BALTIMORE — Odell Beckham Jr. watched the ball hit his hands, then the ground.

The Browns fell just as easily and quickly.

In a season opener filled with mistakes and looking like so many in previous Cleveland seasons, Beckham’s dropped pass on a crucial third-down play late in the first half of Sunday’s 38-6 loss to the Baltimore Ravens may have been the most costly.

There were plenty to choose from.

“They out-coached us, they outplayed us,” Browns coach Kevin Stefanski said after a painful debut. “We did a lot of things losing teams do. We turned it over three times, didn’t play complementary football. We’ve got a lot to clean up.”

With no margin for error against one of the NFL’s best teams, the Browns made way too many against the Super Bowl-craving Ravens, and Stefanski’s first game with Cleveland went the same way as it did for most of his predecessors.

The Browns fell to 1-20-1 in season openers since the franchise’s rebirth in 1999, and Cleveland is now winless in 16 straight openers — an NFL record it already owned.

For the second year in a row, the opener was a colossal letdown for a Browns team seeking a fresh start. Last season, it was a brutal 30-point loss to Tennessee, and this one was just as bad — maybe even worse since it came against a division opponent.

“Sometimes a wake-up call is good for everybody,” quarterback Baker Mayfield said. “A punch in the mouth and that’s how we should take it.”
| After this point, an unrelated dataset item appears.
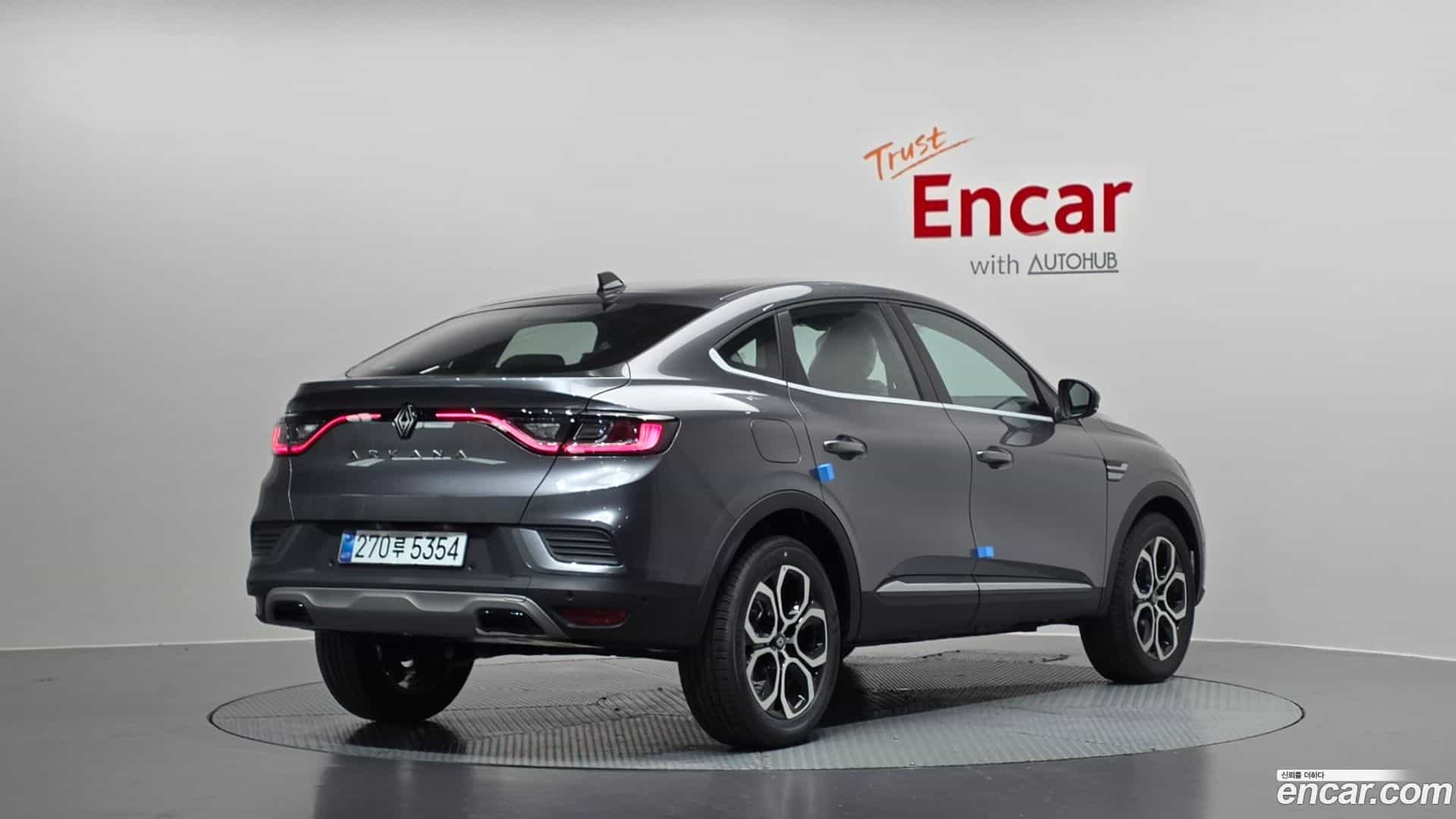 Arkana Renault Korea 2025.9-OUTER-002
Mayfield, the former OU star, threw an interception on Cleveland’s first possession, kicker Austin Seibert, another former Sooner standout, missed an extra point and field goal — and may soon get the boot himself. Stefanski’s first gamble backfired badly when he faked the first punt this season.
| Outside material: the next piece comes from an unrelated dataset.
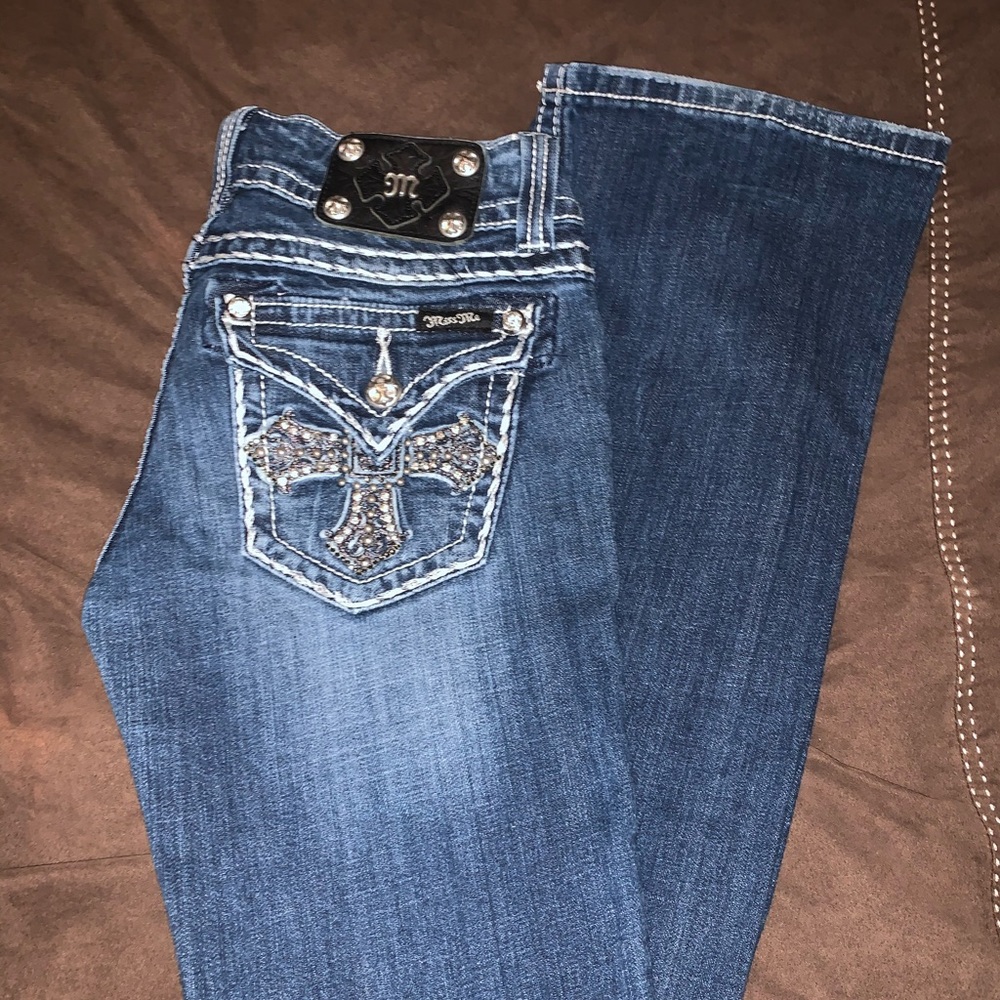 Miss Me Jeans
“That’s on me,” Stefanksi said. “It didn’t work out.”

Little went right for the Browns, and yet despite numerous early issues, they were still within 17-6 and possibly driving for a late score in the second quarter when Beckham, known for his one-handed catches, tried to run before securing Mayfield’s short pass at the Baltimore 20 with 50 seconds left.

A completion would have given the Browns a first down and the chance to carve into the Ravens’ lead. Instead, they had to settle for a field-goal attempt, but Seibert pushed his 41-yard try to the right. Earlier, he clanked his first PAT of 2020 off the left upright.

“I expect him to make those kicks,” said Stefanski.

The Ravens took over and went 69 yards for a touchdown as quarterback Lamar Jackson, who had his way against a Cleveland secondary thinned by injuries, dropped a 9-yarder between Browns linebacker B.J. Goodson and safety Karl Joseph to make it 24-6.

It was halftime. It was over.

Mayfield finished 21 of 39 for 189 yards, and had a few nice moments. But just as last year, the No. 1 overall pick in 2018 struggled to find chemistry with Beckham, who was targeted 10 times and finished with three catches.